__Task description__: Every line of the material is to be returned verbatim. Pictures stay out.

__Data provided__:
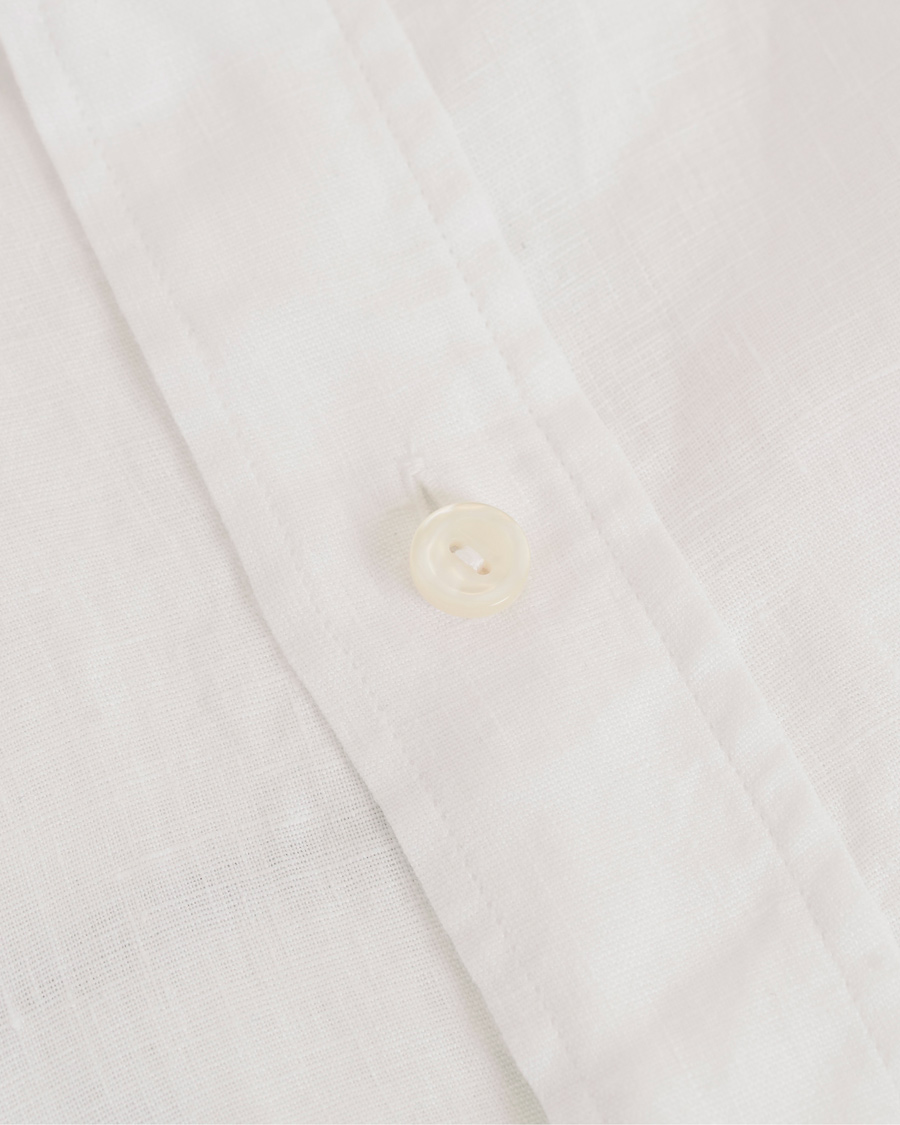 Heren | Overhemden | Eton | Slim Fit Linen Button Down Shirt White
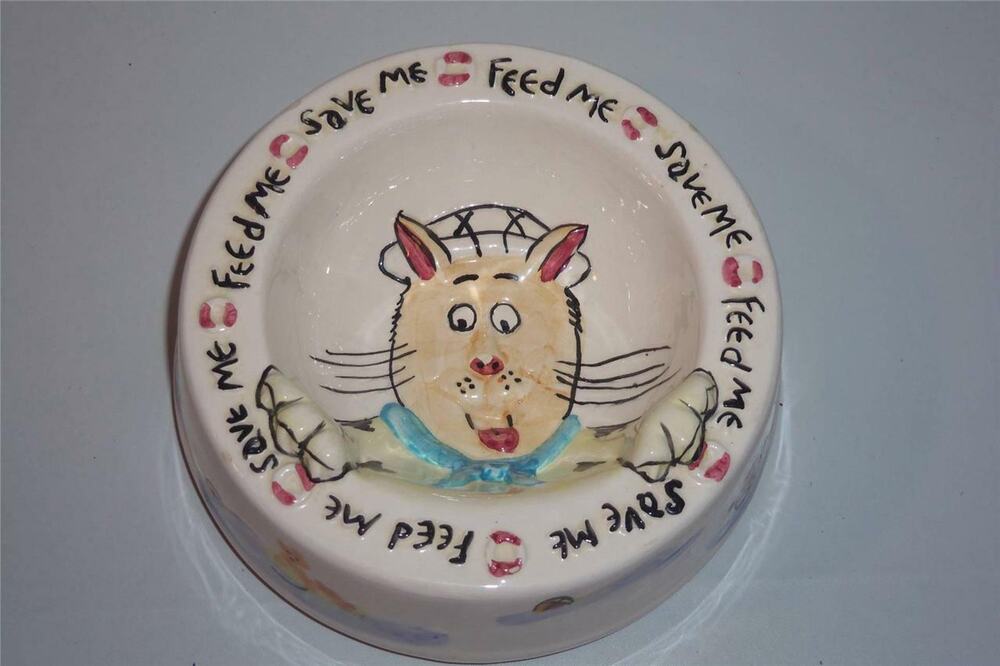 Feed Me Save Me Cat Food Bowl 3D Ceramic Genie Intl Out Of Nowhere -041427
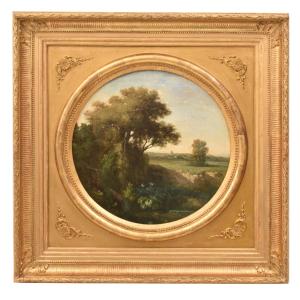 Tableau Ancien, Paysage Avec Collines, XIXè Siècle. (QP777)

__Solution__:
 Heren | Overhemden | Eton | Slim Fit Linen Button Down Shirt White
 Feed Me Save Me Cat Food Bowl 3D Ceramic Genie Intl Out Of Nowhere -041427
 Tableau Ancien, Paysage Avec Collines, XIXè Siècle. (QP777)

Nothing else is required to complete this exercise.